The party says it would instead fund treatment for 50,000 Canadians at private treatment centres, with funding for the facilities based on “results” and determined by a third party. The centres would be paid a set fee “for the number of months they keep addicts drug-free,” Poilievre said.

“I had about 6,000 questions from that alone,” Woo said.

But knowing that the Conservative leader would take only four questions at the press conference and wouldn’t accept followups, the chance of getting an answer was “slim,” she said.

Instead, she planned to ask a more succinct question about a video posted to X that morning, in which the Conservative leader referenced safer supply and said that “bureaucrats who push taxpayer-funded drug handouts will be fired.”

Woo was not selected as one of the four reporters to ask a question.

After the press conference, she learned that the Conservatives intend to shutter overdose prevention sites by amending the federal Controlled Drugs and Substances Act, a plan that hadn’t been publicly disclosed.

Again, she had more questions. They remain unanswered.

“We’re almost a decade into a devastating drug crisis and I think the public would have valued hearing from the potential prime minister about the role that a Conservative government could play in addressing some of the major and persistent barriers to treatment and meaningful change that we have seen,” Woo told The Tyee.

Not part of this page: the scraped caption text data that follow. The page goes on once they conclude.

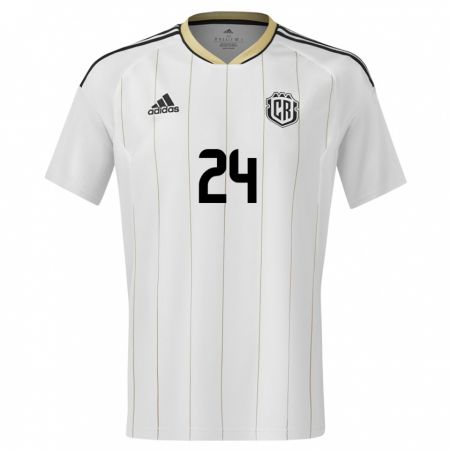 Kandiny Niño Camiseta Costa Rica Douglas Lopez #24 Blanco 2ª Equipación 24-26 La Camisa México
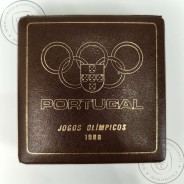 Proof 250 Escudos 1988 XXIV Jogos Olímpicos Seul, Estojo moeda prata Proof 250$00 1988 XXIV Jogos Olímpicos, Portugal KM 643a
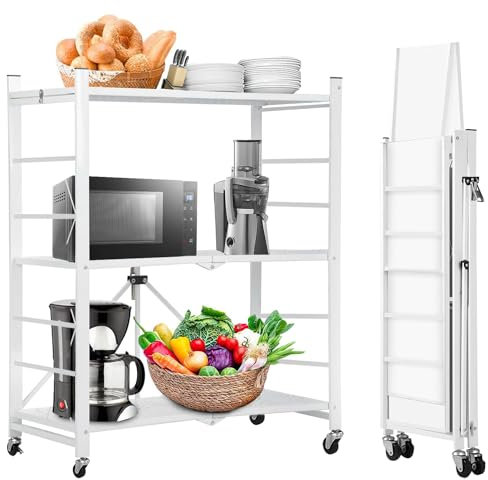 ABOUT SPACE Foldable Kitchen Storage Rack - 3 Tier Space Saving Metal Stand with Caster Wheels - Crockery Unit-Multifunctional Movable Microwave Stand Trolley-Upto 90kg (White - L 75 x B 36 x H 85 cm)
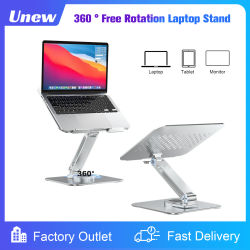 360 ° Soporte giratorio de aluminio y Metal para portátil, Base de silicona antideslizante ajustable, estabilidad para tableta ﻿ Monitor portátil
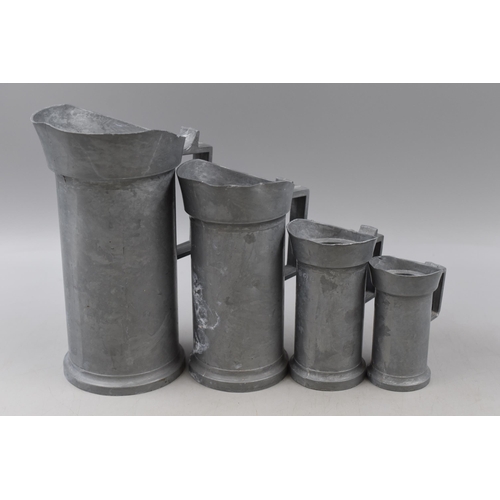 342 - Collection of Four Pewter Measuring Jugs, 1 Deciliter, 2 Deciliter, 1/2 liter and 1 Liter, all Marke... 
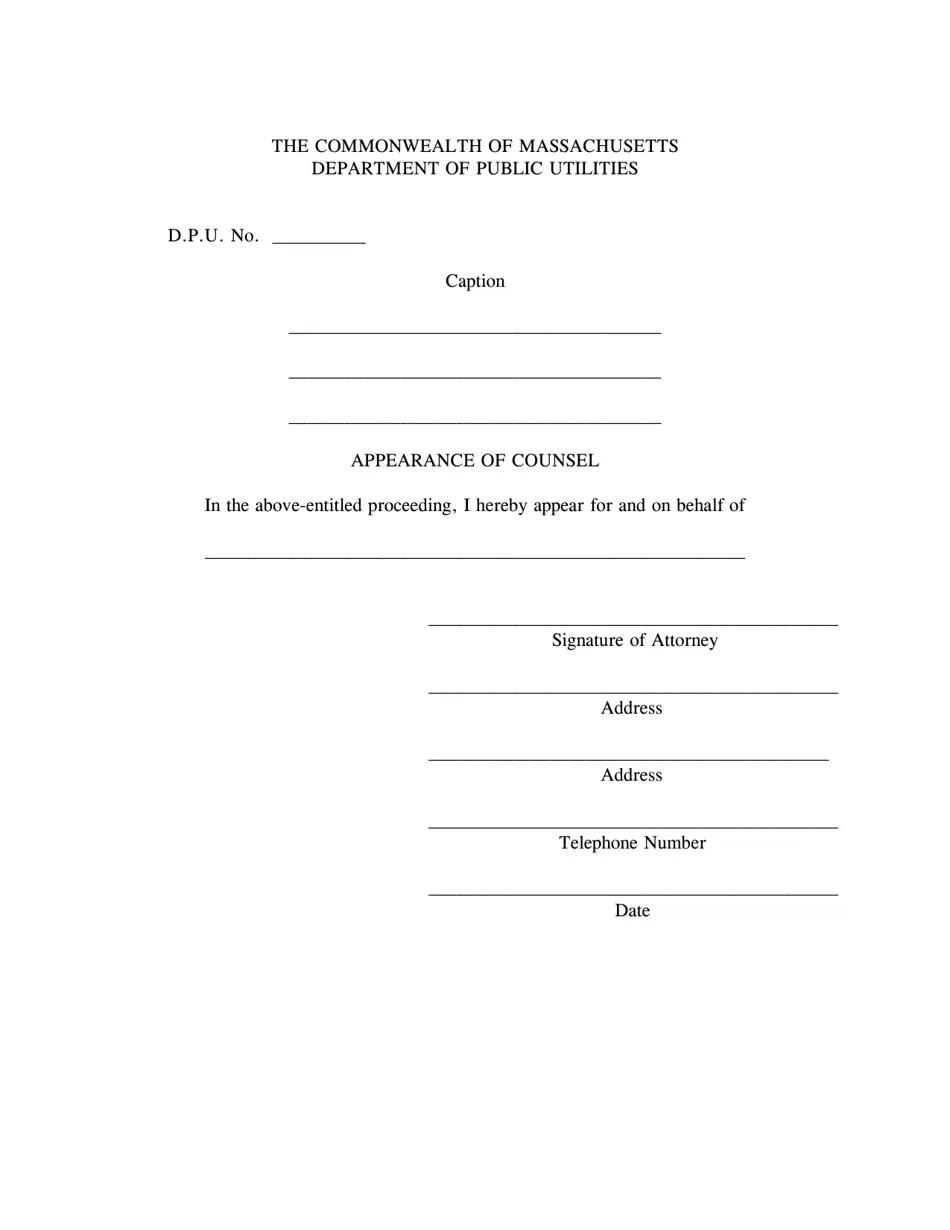 Massachusetts Appearance of Counsel Fill Out, Sign Online and Download PDF Templateroller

“But these are complex issues that beg more than one question, and the result is that we get slogans and sound bites that sound good (treatment for 50,000 Canadians!) but mean little without details.”

What about climate change?

Arno Kopecky is following the campaign for Canada’s National Observer — as best he can.

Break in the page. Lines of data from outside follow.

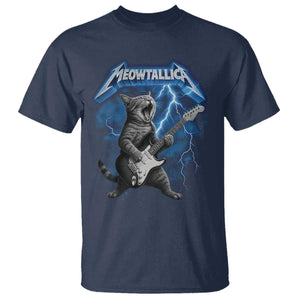Funny Cat Playing Guitar T Shirt Vintage 90s Style Bootleg Graphic Rock Star Rock Cat TS10 Navy Print Your Wear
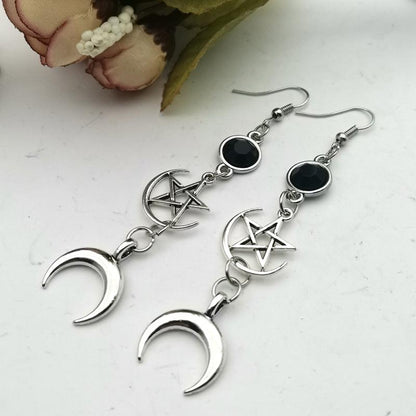 Women's Silver Moon Star Drop Earrings - alternate lifestyle view (3 of 4)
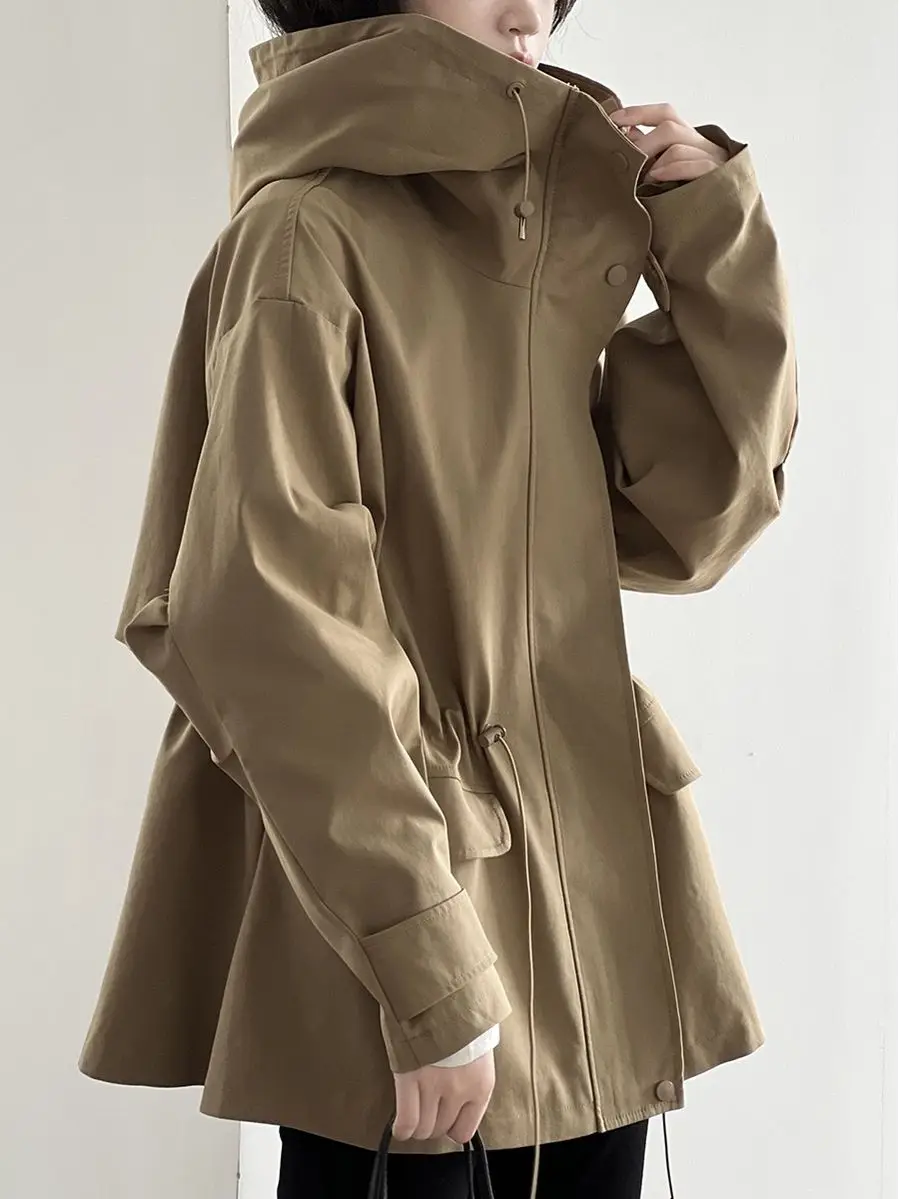 Gabardina con capucha de algodón caqui para mujer, abrigo corto nuevo de otoño e invierno, Top holgado informal Retro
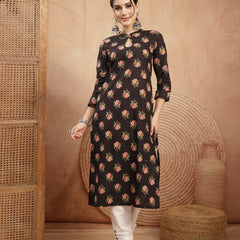Kimayra Rayon Calf Length Printed 3/4 Sleeve Key Hole Neck Straight Kurta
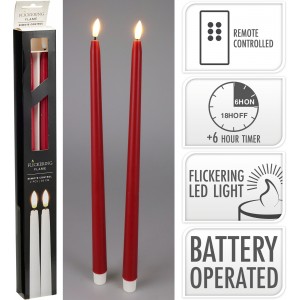 Sada 2 ks LED stolních svíček 38 cm, červená, časovač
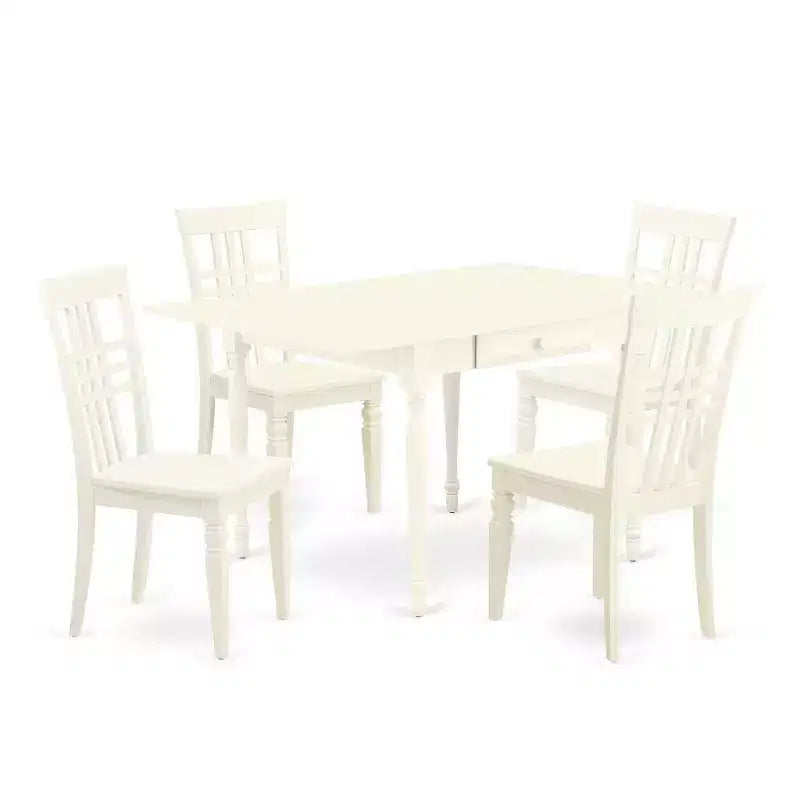 5-Piece Linen White Finish Solid Wood Top - Dining Room Set - Seats 4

After the Conservatives took the unprecedented step of barring media from travelling on the party’s campaign plane, Kopecky said it’s been a challenge to keep up on commercial flights as Poilievre’s jet zigzags across the country.

Over the past week, Kopecky has attended campaign stops in Penticton, Edmonton, Sault Ste. Marie and, last night, Brampton.

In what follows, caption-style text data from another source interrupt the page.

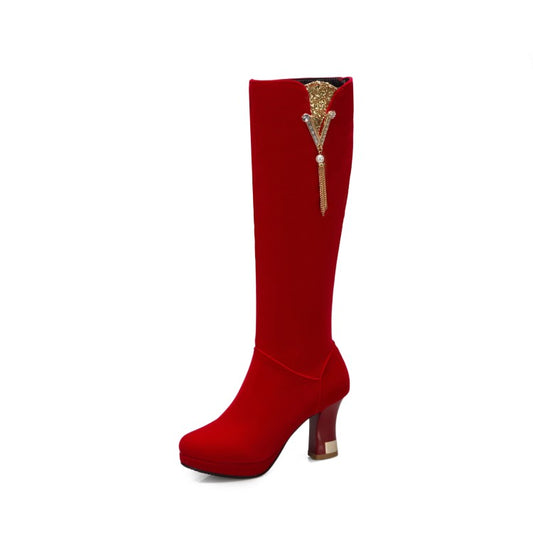 Women's Flock Rhinestone Tassel Spool Heel Platform Knee High Boots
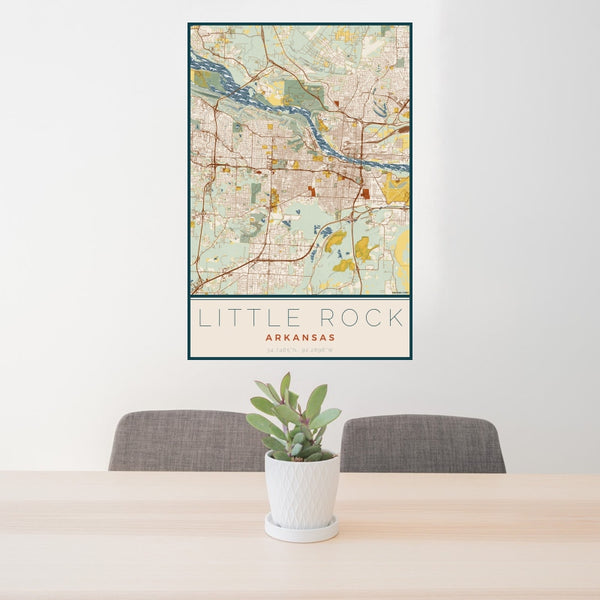 Little Rock - Arkansas Map Print in Woodblock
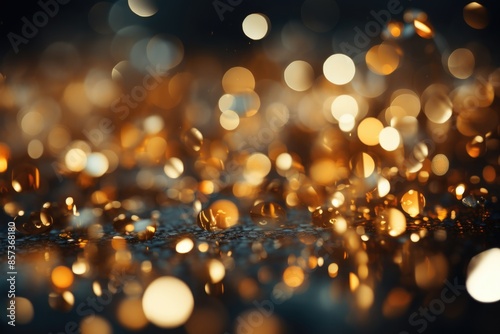 Golden brightness lights isolated in dark background texture blurred with gold s, generative IA photo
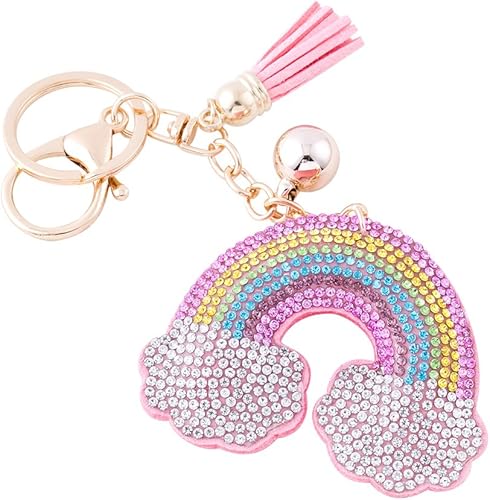 Soleebee Leder Süße Rosa Keychain Bling Kristallstrass Taschen Koffer Rucksäcke Zubehör Charm Auto Schlüsselanhänger Schlüsselring mit Quasten für Damen (Einhorn 4) - Feixum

But he has yet to ask a question.

If he could, he’d ask the Conservative leader about climate change, something he said is “totally absent from Poilievre’s rhetoric.”

“The closest he comes to talking about it is to mock and sneer at anybody who is concerned about it,” Kopecky told The Tyee after trying to pin down the Conservative leader at a campaign stop in Penticton over the weekend.

“There was zero discussion that the Okanagan is on the frontlines of climate impact and extreme weather,” he said, pointing to the region being cut off by flooding in 2021, the devastating wildfires in 2023 and ongoing drought.

“All these things are happening around the world and here in Canada and it is just entirely absent from Poilievre’s rhetoric. That's what I would like to talk to him about,” Kopecky said. “What are we going to do about that?”

The photo shows the interior of a large industrial space. In the foreground is a handful of people, some with cameras on tripods. Beyond is a large Canadian flag with people standing in front of it.
Conservative staffers outnumbered journalists by about four to one at a press conference in Penticton over the weekend, says journalist Arno Kopecky, who is following the campaign for Canada’s National Observer. Photo via Arno Kopecky on Bluesky.

What about Poilievre’s failure to get security clearance?

CTV’s Trinh tried to shout her question on Wednesday morning just as the Canadian Press wrapped up asking about reports that Poilievre has accepted donations from a group linked to Narendra Modi’s Bharatiya Janata Party in India.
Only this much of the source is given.